Wolfram Lemppenau and I came to the firm conclusion
that IEEE 802.17 should not standardardize whether the ring nodes must
be based on cut-through or store-and-forward neither it should
standardize whether packet preemption or not is used. Also
scheduling between the different insertion and transmit buffers and the
number of ring classes should be defined with some degree of freedom.
It should be the freedom of each company how to the design their ring nodes. I
am convinced that in some environments it is avantageous to use rings with
packet preemption and cut-through, while rings in an other environment operate
very well with store-and-forward and non-preemptive priorities, at the other
extreme. The only thing that the standard must assure is their
operability, so that also rings with a mixture can operate.
To our opninion, this is not very difficult to
achieve, neither from the hardware nor from the algorihmic point of view.
Here, the following issues are however crucial.
First, the ring-receiver side of the nodes must be
aware that incoming packets may have been preempted by a packet of a
higher-priority. Thus, the RX-side must be able to extract embedded high-prority
packets and put them in their appropriate buffers. Since it is not allowed to
preempt packets within the same class, no reassembly buffers are
required.
Second, the ring-receiver side of the nodes must be
able to map packets with a given prioity onto the number of available receive or
insertion buffers. For example, when some nodes have six ring classes and other
nodes uses three classes, then by-passing packets of priorities 1 and 2 go for
instance to insertion buffer 1, those with priorities 3 and 4 to insertion
buffer 2, and the other two priorities to insertion buffer 3, whereby
priority 1 is the highest priority. What must be defined is the
maximum number of ring classes and how class mapping has to be done.

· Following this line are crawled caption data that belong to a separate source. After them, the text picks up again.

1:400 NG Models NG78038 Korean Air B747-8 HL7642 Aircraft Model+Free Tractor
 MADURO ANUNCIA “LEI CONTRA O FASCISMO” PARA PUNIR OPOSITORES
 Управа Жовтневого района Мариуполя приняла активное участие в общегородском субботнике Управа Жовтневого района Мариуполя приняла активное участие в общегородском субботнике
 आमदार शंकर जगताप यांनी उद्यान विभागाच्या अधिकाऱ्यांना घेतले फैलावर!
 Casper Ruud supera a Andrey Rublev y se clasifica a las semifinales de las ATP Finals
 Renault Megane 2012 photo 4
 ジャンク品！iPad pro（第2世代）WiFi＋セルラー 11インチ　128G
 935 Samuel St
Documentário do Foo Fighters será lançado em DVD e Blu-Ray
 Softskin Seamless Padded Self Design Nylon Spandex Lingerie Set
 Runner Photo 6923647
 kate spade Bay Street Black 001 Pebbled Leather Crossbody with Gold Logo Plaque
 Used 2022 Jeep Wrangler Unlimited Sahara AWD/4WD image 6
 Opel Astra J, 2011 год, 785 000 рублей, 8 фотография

Even interworking with a node having only one ring class, i.e. one receive
and one insertion buffer, must be possible. In that case, the ring-receiver
side only resolves possible packect embeddings only if both
or more packets in the interleaved packets are addressed to the ring node
itself, otherwise the interleaved packet is forwarded as a whole, i.e. as
received from the ring.
Third, and this ist the most difficult part, the
MAC itself coordinating the access to the ring in a fair manner must be
standardized. Here, nodes should obtain rates for each of the ring classes (or
credits) as periodically determined from fairness cycles of dynamic
length.
Cut-through and preemption are most crucial
when data packets are large, link bit rates are rather low (e.g.155 Mbit/s),
IP-telephony becomes a commodity, and carrier-grade voice service have to be
guaranteed in a simular fashion as in circuit-switching.
It has been argued that current date packets have a
max. size of about 1500 bytes, so preemption for GbE-links does not bring much
in performance. I do not consider it very wise to limit the applicability
of a standard to current packet sizes. IP allows for
instance roughly 64 Kbytes and one can be sure that jumbo-packets will
come, sooner or later. At that moment, preemption for interactive realtime
sessions becomes mandatory.
Second it has been argued in backbones the link
speeds are so high, that their is no gain due to preemption or cut-through. I
agree. However, should the standard not be applicable to many other areas such
as manufatury plants, public access, campus, or in-building areas, providing a
huge market? In these rings, we will find much lower rates (100 Mbit/s, 155
Mbit/s,...). The more areas RPR can be applied, the more successful becomes
the standard. And all, with a company and operator freedom without much
additional standardisation effort and only with not very much additional
implementation effort at the ring-reciever side.
Third, it has been argued that ATM requires
segmentation and reassembling making its implementation very difficult.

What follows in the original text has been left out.